Eis já está ele na oficina. Qual é o fim dele ao entrar na carpintaria? Para
que é que ali vai todos os dias? Para aprender o ofício de carpinteiro. Mas
vamos a ver o que o menino faz na sua oficina. Em vez de pegar a garlopa ou a
plaina e aplainar tábuas, pega de um lápis e, na tábua mais limpa e alisada,
pinta bonecos. Depois, quando se cansa de desenhar mostrengos, amontoa aparas,
puxa-as para a rua, faz com elas uma fogueira e convida outros meninos para
saltarem por cima dela. O mestre carpinteiro repreende-o, mas o aprendiz torna
a fazer das suas. E assim todos os dias. Ao cabo de um ano, o pai quer saber o
que seu filho aprendeu, mas, como o menino só fez bonecos, não entende coisa
alguma de carpintaria. — “Para que foi que eu te trouxe para aqui?” —
pergunta-lhe o pai, irritado. — Para aprender a ser carpinteiro. — E que tens
aprendido? — Não se aborreça, papai. “Aprendi a pintar bonecos”. Ao ouvir
esta néscia saída, o pai dá-lhe uma tunda soberana
e obriga-o a trabalhar até aprender o ofício.
Do
mesmo modo, Deus Nosso Senhor pôs o menino neste mundo não para brincar, nem
para brigar com seus iguais, nem para fazer outras malícias: Deus pôs o menino
neste mundo para que ele O sirva e Lhe obedeça, como aquele pai pôs o filho na
carpintaria para que ele servisse e obedecesse ao mestre carpinteiro; mas, se o
menino, em vez de cumprir a vontade de Deus servindo-O, dedica-se a seguir os
seus caprichos, e passa a vida fazendo travessuras, desobedecendo, brigando,
mentindo... no fim da vida Deus virá pedir-lhe contas e lhe dirá: “Menino
perverso, em que foi que ocupaste o tempo que eu te dei?” — “Senhor, em
brincar, em brigar com meus companheiros, em dizer palavrões, em me esconder
para não ir à missa, em desobedecer aos meus superiores e em cometer outros
pecados”. Então Deus lhe dará um castigo terrível, o castigo do inferno.
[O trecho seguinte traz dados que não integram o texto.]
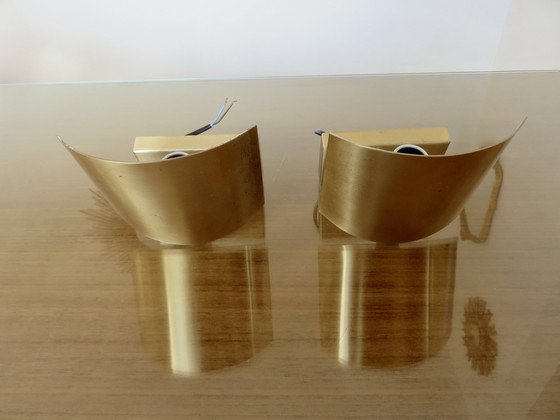 Image 1 of Paar verguld metalen bandeau wandlampen, Frankrijk, 1970
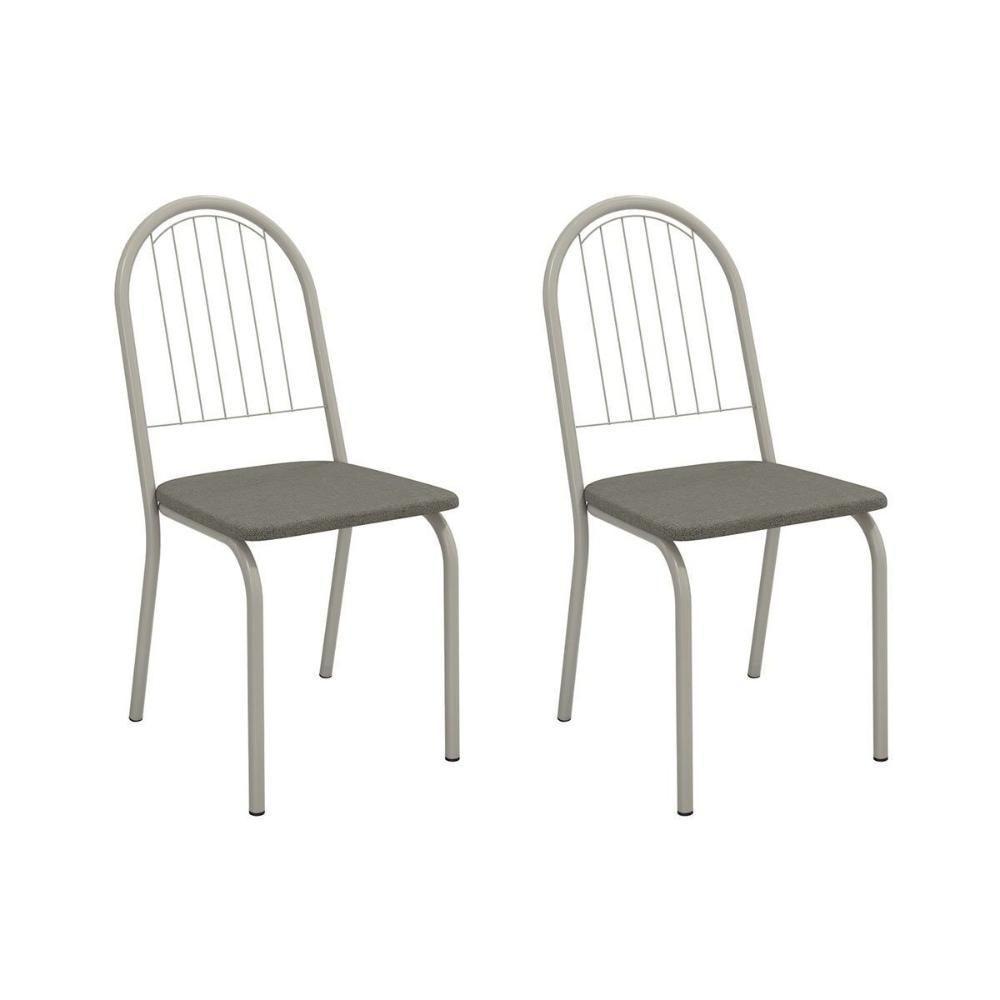 Cadeira De Cozinha Noruega 2c077nk Aço Kit 2 Un Niquel-linho Escuro - Kappesberg - 1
Que
mal terrível, meus filhos! E tudo por quê? Por não haver sabido alcançar o
nosso fim último, que é servir a Deus neste mundo, para depois gozá-lO no
outro.
Quero
insistir neste ponto, porque é interessantíssimo, e receio que o esqueçais. Para
gravá-lo bem na vossa memória, ouvi uma parábola.
Havia
um menino cujo pai tinha uma horta e, na horta, algumas colmeias das quais
saíam muitíssimas abelhas, que se espalhavam pela horta em busca do néctar das
flores. O menino, que gostava muito de mel, estava um dia olhando uma abelha
que, afanosa, trabalhava numa flor, introduzindo-lhe no cálice a sua trombina
para sugar o néctar delicioso.
— Lindo
inseto! — murmurou o menino.
— Deus
te criou para fazeres mel e eu comê-lo.
— E
tu, para que foi que Deus te criou? perguntou-lhe por trás dele seu pai, que se
aproximara sem ser notado. O menino calou-se, pois não se lembrou disto que
agora vos estou explicando. Deus te criou para Ele. Ouve-me bem, meu filho:
Deus fez as abelhas para fazerem mel para ti, e fez a ti para que faças boas
obras para Ele.
Ouvi-me
bem, vós, meus filhos. Deus fez o mundo para vós e vós para Ele. Que fim nobre!
Sois para Deus. Afanai-vos, pois, e trabalhai no cumprimento dos vossos
deveres, que será fabricar na colmeia da Igreja mel de boas obras, dignas de
serem apresentadas à mesa de Deus na glória eterna.